┌─ Data section

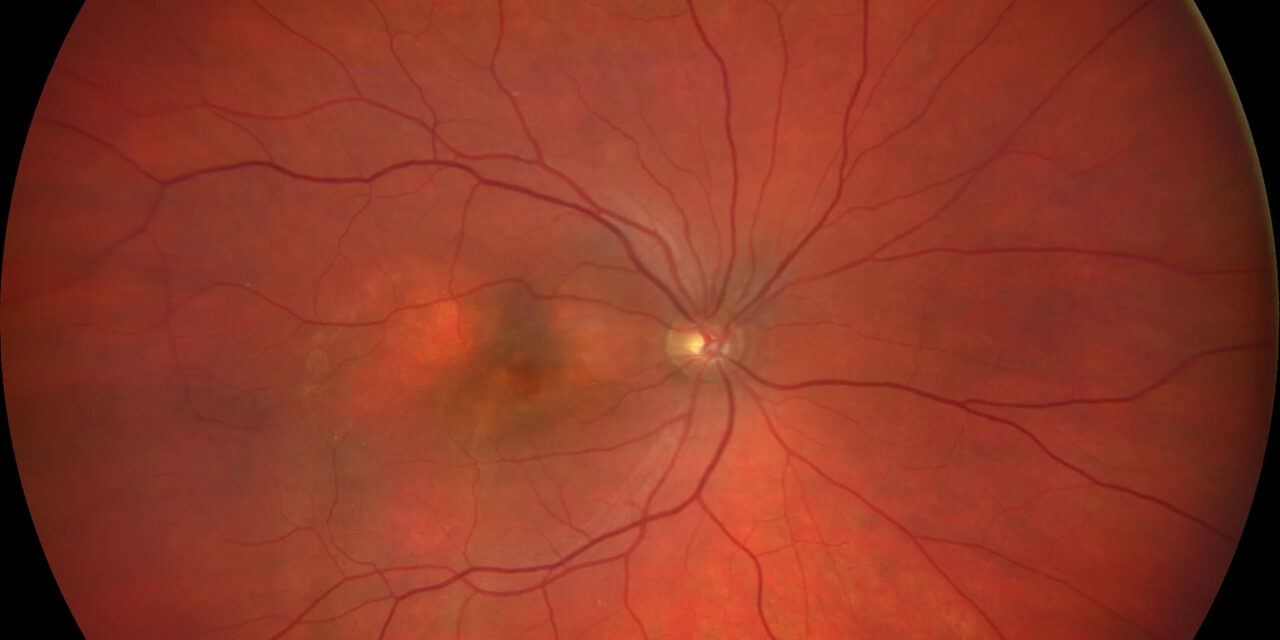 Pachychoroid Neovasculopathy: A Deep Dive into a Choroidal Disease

└─
┌─ Data section

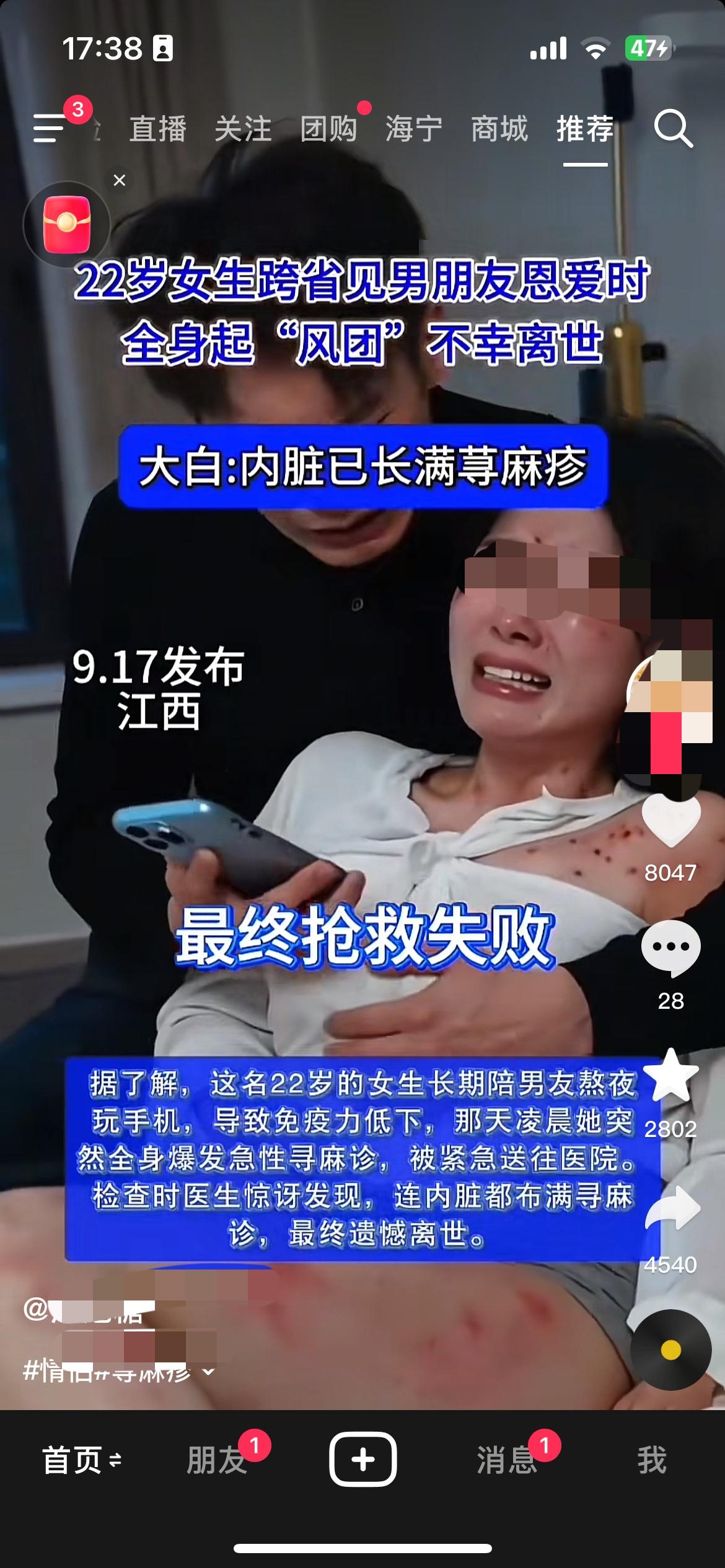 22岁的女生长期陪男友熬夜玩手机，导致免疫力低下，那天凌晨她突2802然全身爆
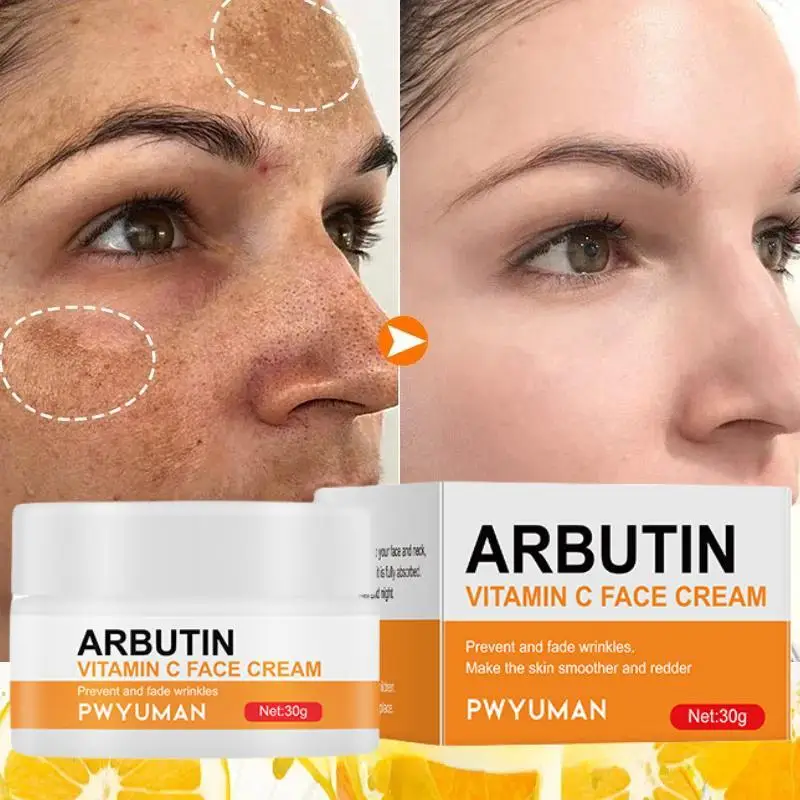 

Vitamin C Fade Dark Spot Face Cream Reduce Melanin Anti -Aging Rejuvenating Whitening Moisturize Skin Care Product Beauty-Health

└─

Without the pictures, set down the lines above from the line with "22岁的女生长期陪男友熬夜玩手机，导致免疫力低下，那天凌晨她突2802然全身爆" up to and including the line with "Vitamin C Fade" exactly as they stand.

 22岁的女生长期陪男友熬夜玩手机，导致免疫力低下，那天凌晨她突2802然全身爆

Vitamin C Fade Dark Spot Face Cream Reduce Melanin Anti -Aging Rejuvenating Whitening Moisturize Skin Care Product Beauty-Health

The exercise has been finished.